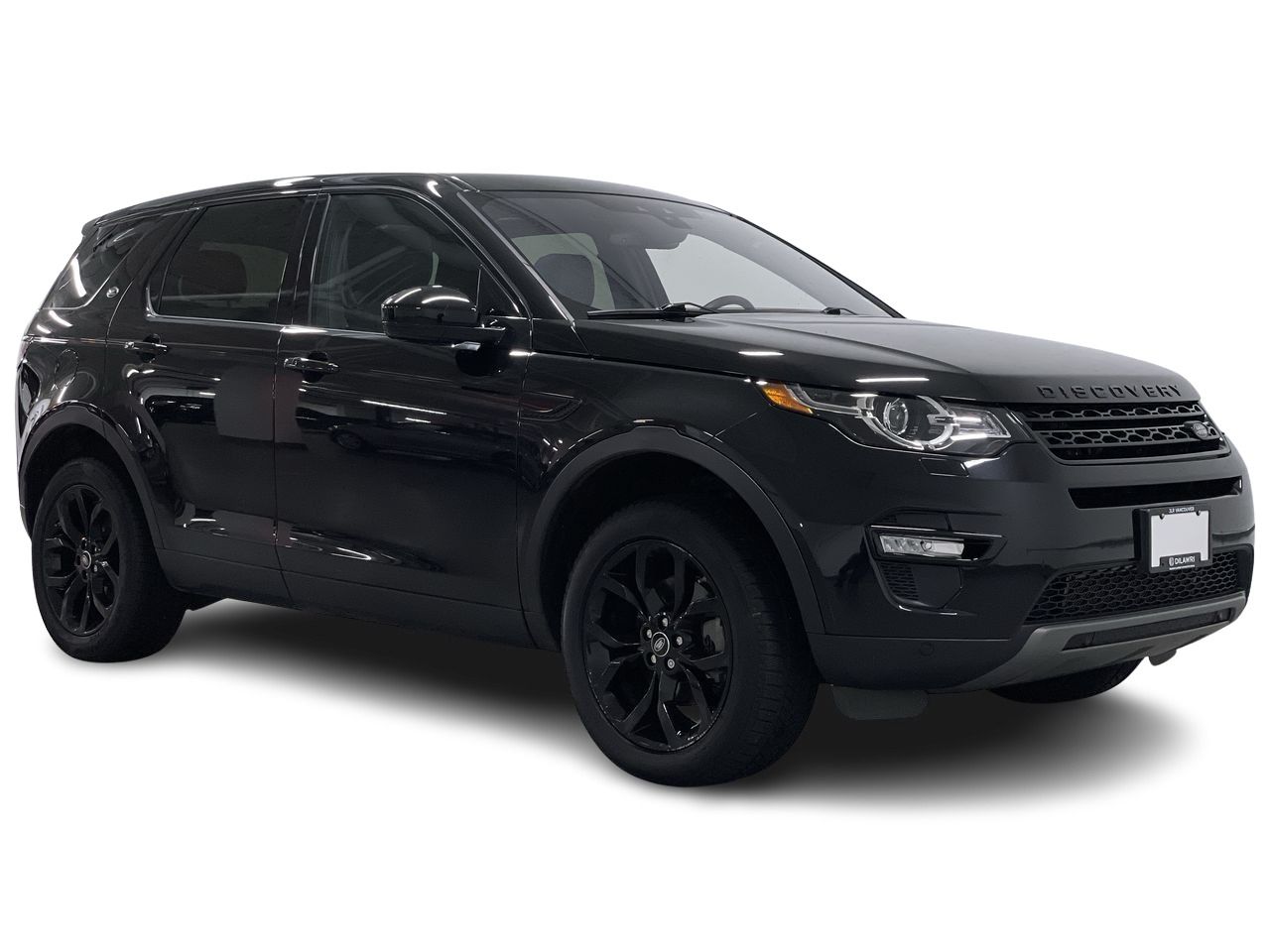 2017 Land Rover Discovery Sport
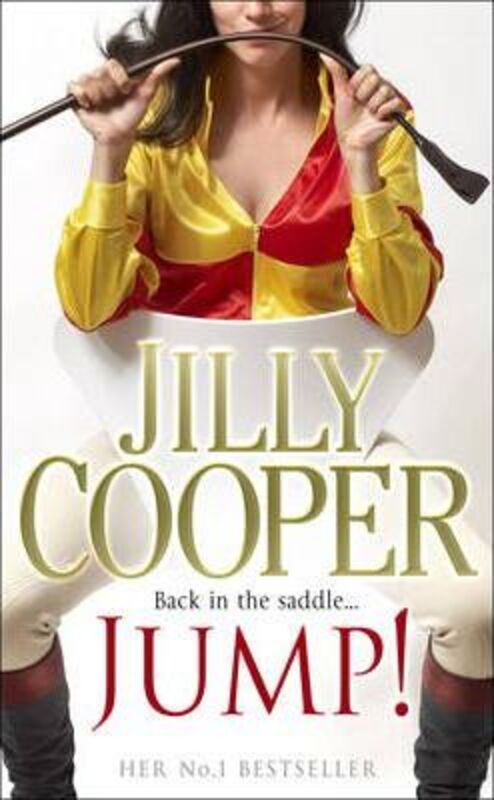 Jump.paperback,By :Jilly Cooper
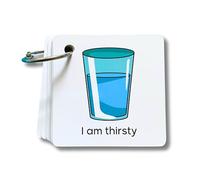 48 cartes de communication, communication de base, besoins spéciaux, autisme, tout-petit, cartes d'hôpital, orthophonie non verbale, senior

EXERCISE PROMPT: Print the material above word for word, and keep the pictures out of it.

ANSWER SPACE:
 2017 Land Rover Discovery Sport
 Jump.paperback,By :Jilly Cooper
 48 cartes de communication, communication de base, besoins spéciaux, autisme, tout-petit, cartes d'hôpital, orthophonie non verbale, senior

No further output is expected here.